Item1.01 Entry into a Material Definitive Agreement.

Nash Facility Lease Amendment

On May 28, 2021, ImmunityBio, Inc. (the "Company") entered into a First Amendment to Lease with 605 Nash, LLC for the property located at 605-607 Nash Street, El Segundo, California (the "Amendment"), effective as of April 1, 2021. 605 Nash, LLC is a related party, as it is owned by the Company's Executive Chairman and principal stockholder, Dr. Patrick Soon-Shiong.

The Amendment amends the original lease entered into by the Company in February 2021 (the "Original Lease") whereby we leased approximately 6,883 square feet in El Segundo, California (the "Original Premises"). The Original Lease runs from January 2021 through December 2027 and includes an option to extend the Original Lease for an additional three-year term through December 2030.

Pursuant to the Amendment, the Company increased its leasehold interest by 57,760 square feet (the "Expansion Premises") to an aggregate of 64,643 square feet (the "Combined Premises"). The Combined Premises will be used primarily for pharmaceutical and manufacturing purposes. The Company plans to build out a full scale manufacturing facility, including clean rooms for upstream and downstream manufacturing activities, and also including fill finish capabilities, to increase capacity and ability to scale production associated with certain of the Company's product candidates, including its COVID-19 vaccine and booster. The initial lease term for the Expansion Premises is from April 2021 through March 2028. The Amendment extends the lease term for the Original Premises through March 2028 and includes an option to extend the lease for the Combined Premises for an additional three-year term through March 2031. Base rent for the term of the Expansion Premises is approximately $170,400 per month with an annual increase of 3% on April 1 of each year during the initial term and, if applicable, during the option term. In addition, we are required to pay our share of estimated property taxes and operating expenses for the Combined Premises, both of which are variable lease expenses.

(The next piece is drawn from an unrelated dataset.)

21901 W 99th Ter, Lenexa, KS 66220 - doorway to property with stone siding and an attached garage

The Company is responsible for the costs associated with the buildout of the Combined Premises. It is also entitled to a tenant improvement allowance of approximately $2.6 million associated with the buildout costs for the Expansion Premises.

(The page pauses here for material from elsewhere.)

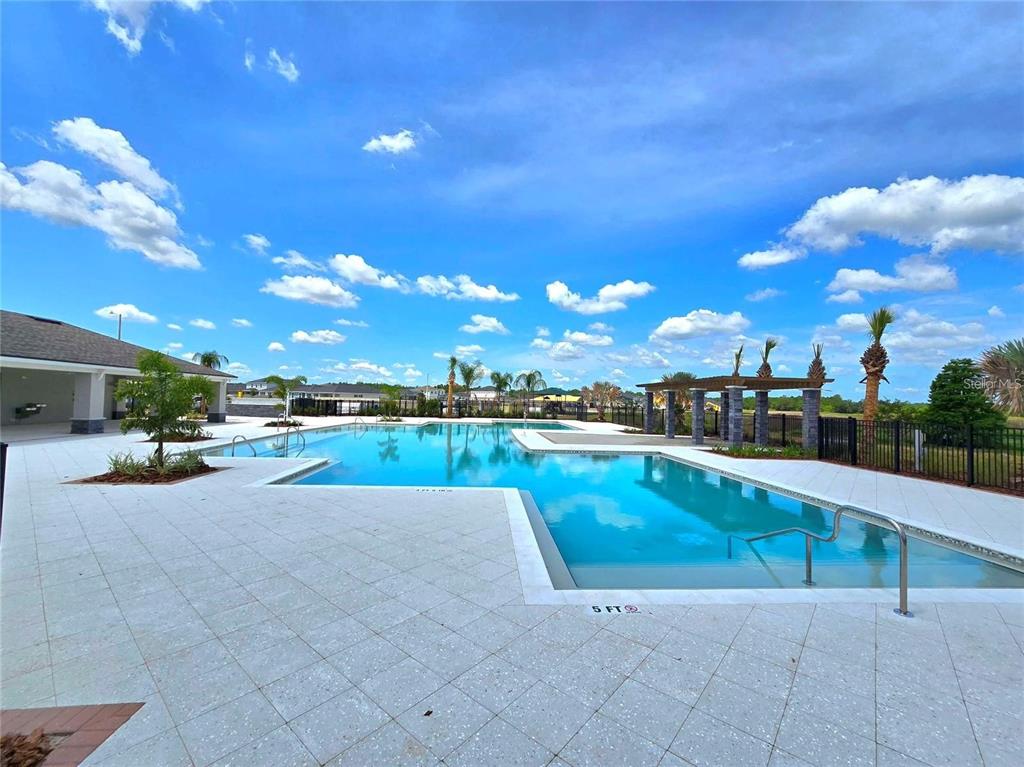 A swimming pool with a surrounding patio and a pergola under a blue sky — 3676 ROLLING RIDGE BEND, DAVENPORT, FL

The above description of the Original Lease and the Amendment does not purport to be complete and is qualified in its entirety by reference to the full text of the respective agreements. The Original Lease was filed with the Securities and Exchange Commission as an exhibit to our Annual Report on Form 10-K for the fiscal year ended December 31, 2020 and a copy of the Amendment will be filed with the Securities and Exchange Commission as an exhibit to our Quarterly Report on Form 10-Q for the quarter ending June 30, 2021.